AIM OF THE EXERCISE —
Output the data below only from the line containing "Used 2023 Mercedes-Benz" up to and including the line containing "هتل Canopy By Hilton Austin Downtown", exact and with the pictures left out.

RECORDED INFORMATION —
* * * * * * * * *
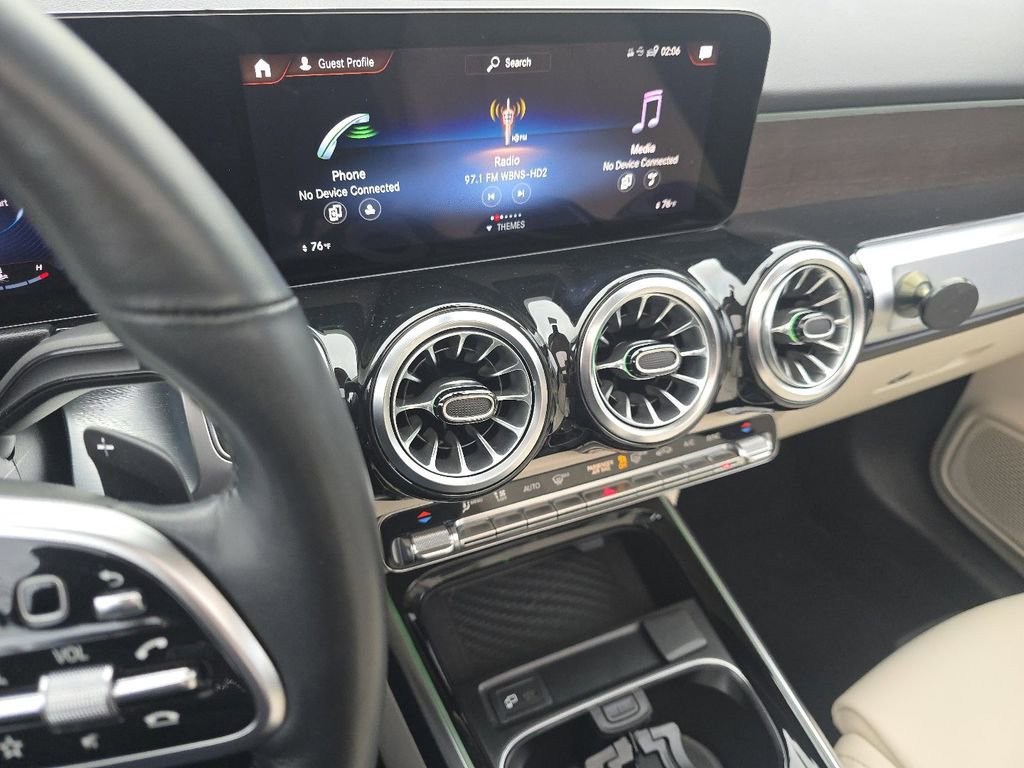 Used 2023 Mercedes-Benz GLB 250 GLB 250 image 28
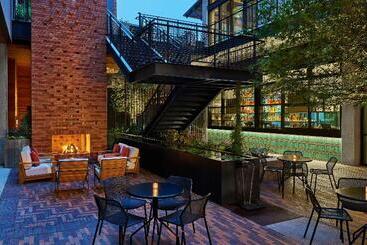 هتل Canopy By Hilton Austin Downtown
* * * * * * * * *
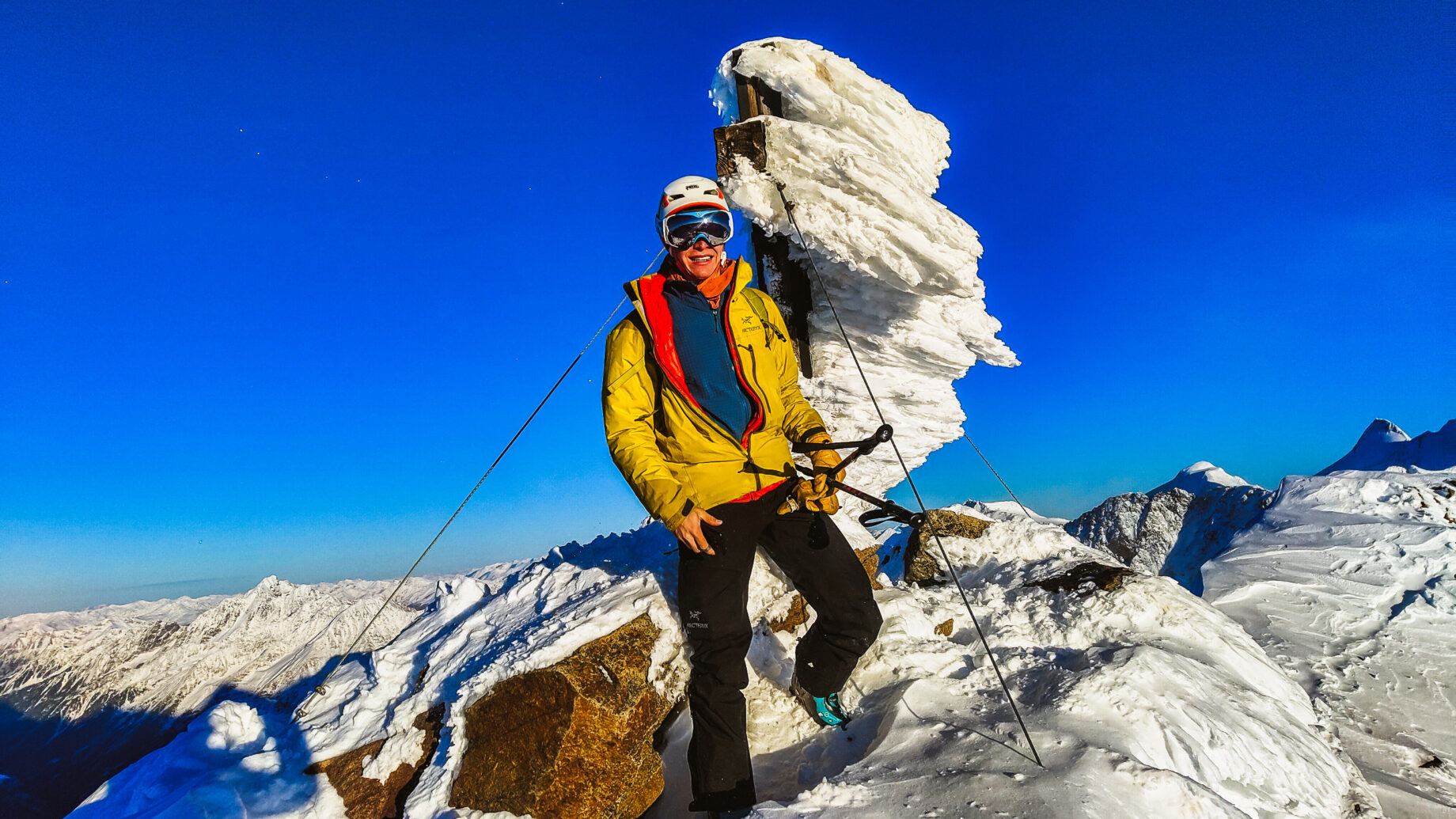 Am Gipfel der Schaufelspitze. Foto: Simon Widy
* * * * * * * * *
SOLVED EXERCISE —
 Used 2023 Mercedes-Benz GLB 250 GLB 250 image 28
 هتل Canopy By Hilton Austin Downtown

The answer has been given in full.